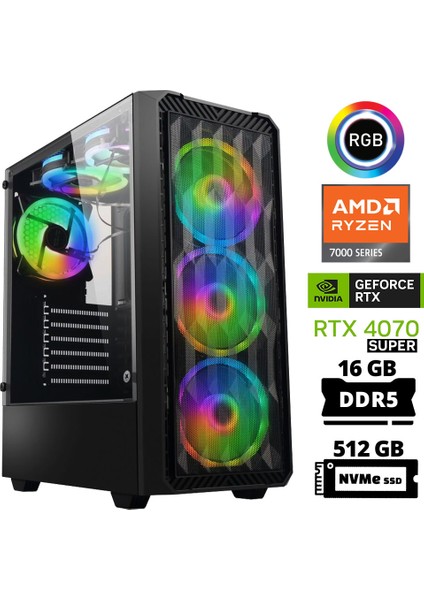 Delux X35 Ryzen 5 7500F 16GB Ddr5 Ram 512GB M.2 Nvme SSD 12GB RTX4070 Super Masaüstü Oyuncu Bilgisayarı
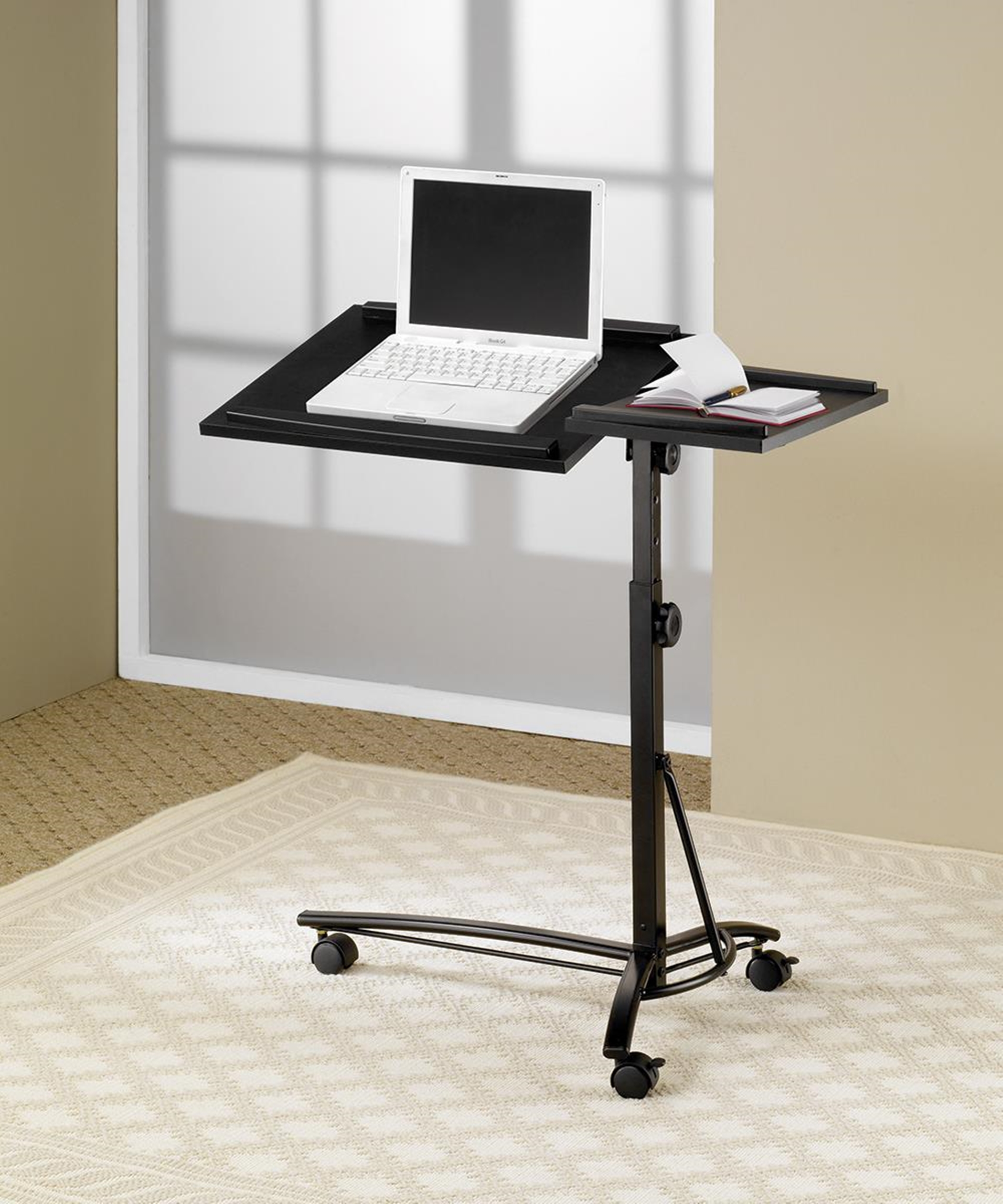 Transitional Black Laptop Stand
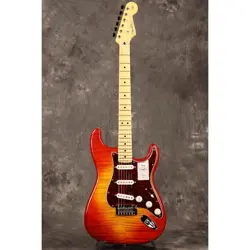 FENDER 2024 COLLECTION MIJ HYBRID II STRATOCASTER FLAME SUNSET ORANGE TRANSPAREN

□ □ □ □ □ □ □

Going from the line that holds "Transitional Black Laptop Stand" to the end of the listing above, copy each line exactly and nothing more, leaving pictures aside.

 Transitional Black Laptop Stand
 FENDER 2024 COLLECTION MIJ HYBRID II STRATOCASTER FLAME SUNSET ORANGE TRANSPAREN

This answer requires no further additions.